Русь: от язычества к православной государственности - страница 7



Во многих статьях и даже книгах той поры содержались некорректные сравнения развития России на различных этапах ее истории с Западной Европой. Вновь зазвучал призыв «отречься от старого мира», а также согреться в лучах славы Запада. Россию звали вернуться в цивилизованную семью народов, будто она тысячелетия летала неизвестно где, а теперь ищет место для приземления. Не «модно», даже опасно для репутации и перспектив в профессии было писать о самостоятельной российской цивилизации, ее самобытности, духовных ценностях, уникальности исторической судьбы. Самобытность была объявлена «вне закона», а ее «исповедники» ретроградами, махровыми консерваторами и т. д. Все это были жалкие потуги малообразованных, лукавых, озлобленных людей навязать обществу заимствованные из неиссякаемой антироссийской «кладовой» Запада взгляды на историю и будущее страны.

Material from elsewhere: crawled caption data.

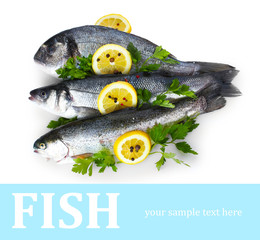 Fresh fishes with lemon, parsley and spice isolated on white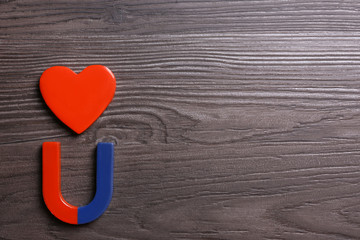 Red and blue horseshoe magnet with decorative heart on dark grey wooden background, flat lay. Space...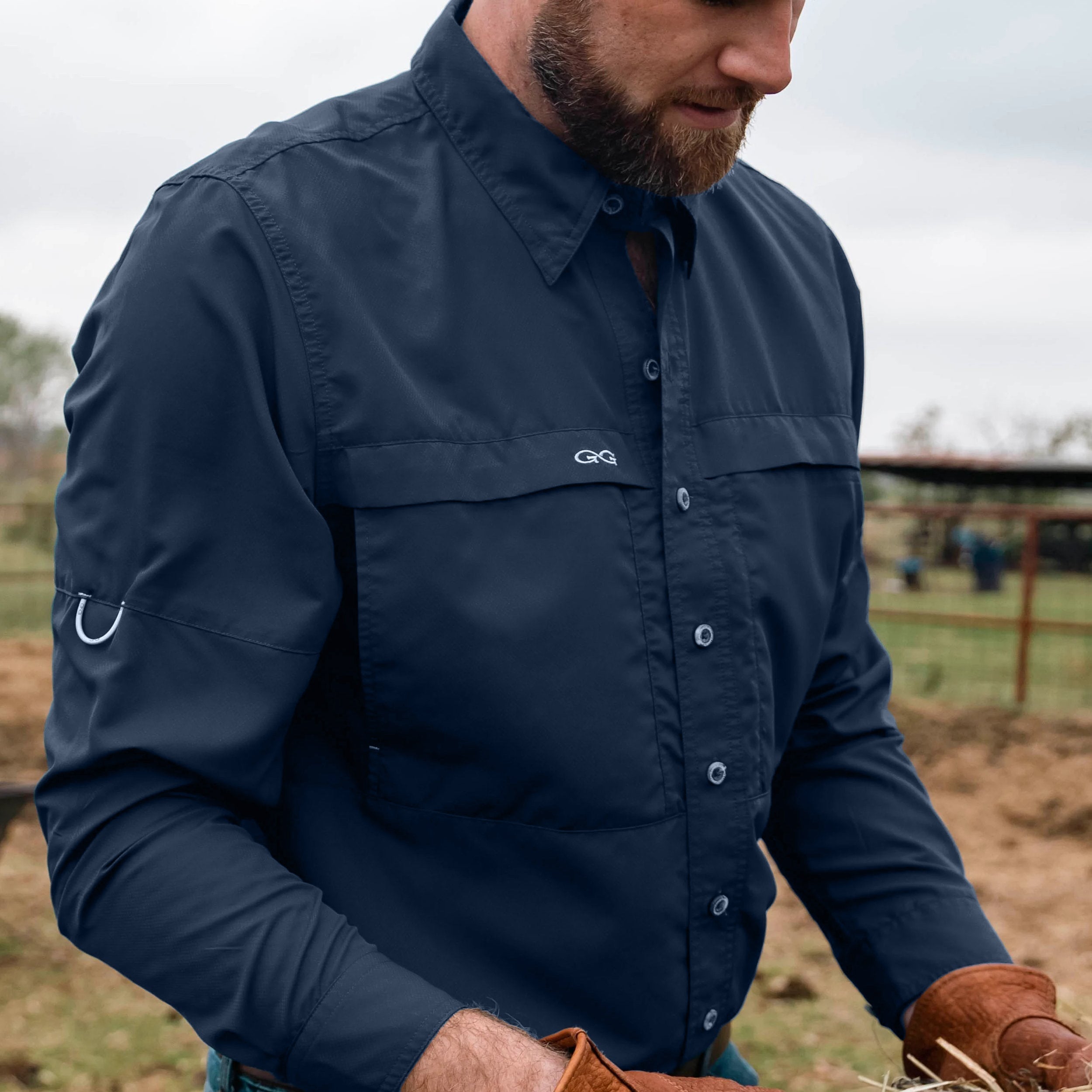 Man wearing a navy blue shirt with a logo, standing outdoors.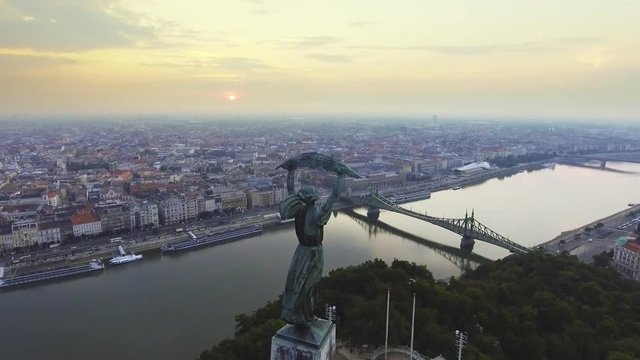 Flying around of Statue of Liberty with the skyline of Budapest at background.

Однако вскоре в российском обществе сработал инстинкт самосохранения, и новоявленные «пророки» были развенчаны. Следует помнить, что они не исчезли как тени, а живут среди нас и готовы к реваншу. Православие рассматривается ими как косная сила, сдерживающая «обновление» страны. В качестве альтернативной российской православной цивилизации предлагалось и предлагается неоязычество, как исконно русское мировоззрение, кладезь духовной культуры, которое должно стать фундаментом обновленного национального самосознания граждан, по преимуществу русских, новой России. Так и хочется спросить этих доморощенных «мудрецов»: «Вы это серьезно? Или шутить изволите?» Реанимировать язычество сродни задаче оживить усопшего, но для этого нужен новый Христос, а идеологи и сторонники неоязычества никак не вяжутся с подобной ролью. Выглядит ситуация смешно и горько.

Одной из причин появления неоязычества был тот духовный вакуум, который образовался после развала Советского Союза и краха коммунистической идеологии, что порождало глубокие разочарования в привычном мироощущении, страх перед жизнью и предчувствие новых бед, неудовлетворенности собственным бытием и бытием страны. Искали устойчивости и находили ее в истории, теперь языческой, но интерпретированной не в угоду истине, а политической и иной конъюнктуре.

В этой связи весьма актуальны исследования в русле традиций исторической науки, основанные на фундаменте достижений отечественной историографии язычества, которое, как нам представляется, не нуждается в возрождении, ибо продолжает жить в культуре многонациональной России, в характере ее граждан, в народных обычаях и обрядах, в предрассудках и суевериях.

В 2000-х гг. интерес к восточнославянскому язычеству усилился. Это связано, прежде всего, с тем, что историки стремились показать и раскрыть особенности непрерывности и преемственности развития истории, в том числе и в духовной области. Сегодня язычество не противопоставляется христианству, а, напротив, рассматривается как необходимое условие обретения религиозного опыта, который затем вбирало в себя христианство, что создавало необходимые предпосылки для превращения православия в подлинно народную религию[30].

Тем самым формировались прочные духовные скрепы, стягивающие воедино мировоззрение и мировосприятие прошлых, настоящих и будущих поколений русских людей. Сила православия заключалась в том, что оно не было идеологической надстройкой, а имело корни в народной толще во многом потому, что не опрокидывало, а охристианизировало языческие традиции, превращало их в составную часть православной культуры.